In the post, Idris, talks about going to extreme lengths to hide his job from his daughters. He would tell his daughters he was a labourer when he was actually a street cleaner, who used to bathe in public toilets before going home just to hide from his daughters the work he was doing..
"I wanted my daughters to send to school, to educate them. I wanted them to stand with dignity in front of people. I never wanted anyone look down at them like everyone looked down at me. People always humiliated me.
"I invested every penny of my earning for my daughters' education. I never bought a new shirt, used the money instead for buying books for them. Respect, which is all I wanted them to earn for me. I was a cleaner. ," Idris says.
However, one day he let his daughters in on the secret. He recalls, it was the last day for him to submit the admission fee for his daughter's college but he didn't have enough money. Worried about what he would tell his daughter when she asked about the fee, he couldn't work that day.
"I was sitting beside the rubbish, was trying hard to hide my tears. I was unable to work that day. All my coworkers were looking at me but no one came to speak.
"I was failed, heartbroken and I had no idea how to face my daughter who would ask me about the admission fees once I back to home. I am born poor. Nothing good can happen with a poor person that was my belief", Idris says.

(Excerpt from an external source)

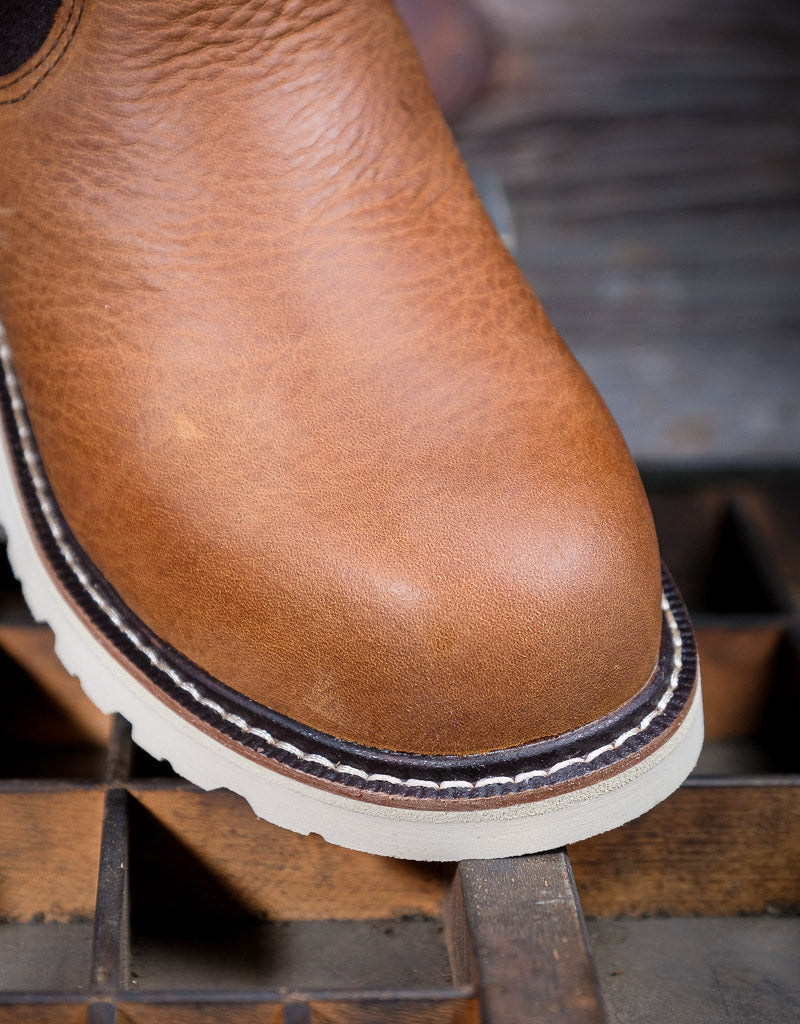 Close-up of a brown leather boot toe with a white sole on a wooden surface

Then came an unexpected help for him from his fellow cleaners who handed him their day's wages.
"When I refused, they confronted by saying, we will starve today if needed but our daughter has to go to college", he recalls.
"That day I did not take shower. That day I went home like a cleaner," he adds.
Idris's daughter is to finish university very soon. She has a part time job and three of them do tuition so that he doesn't need to work anymore.
His daughter, however, hasn't forgotten those who helped them when they were struggling. He recalls how she often takes him to his work place and offers food to his coworkers.
"They laugh and ask her why she feeds them so often. My daughter tells them, 'All of you starved for me that day so I can become what I am today, pray for me that I can feed you all every day,'" he says.
Idris ends his story on a moving note.
"Nowadays I do not feel I am a poor man. Whoever has such children, how can he be poor," Idris says.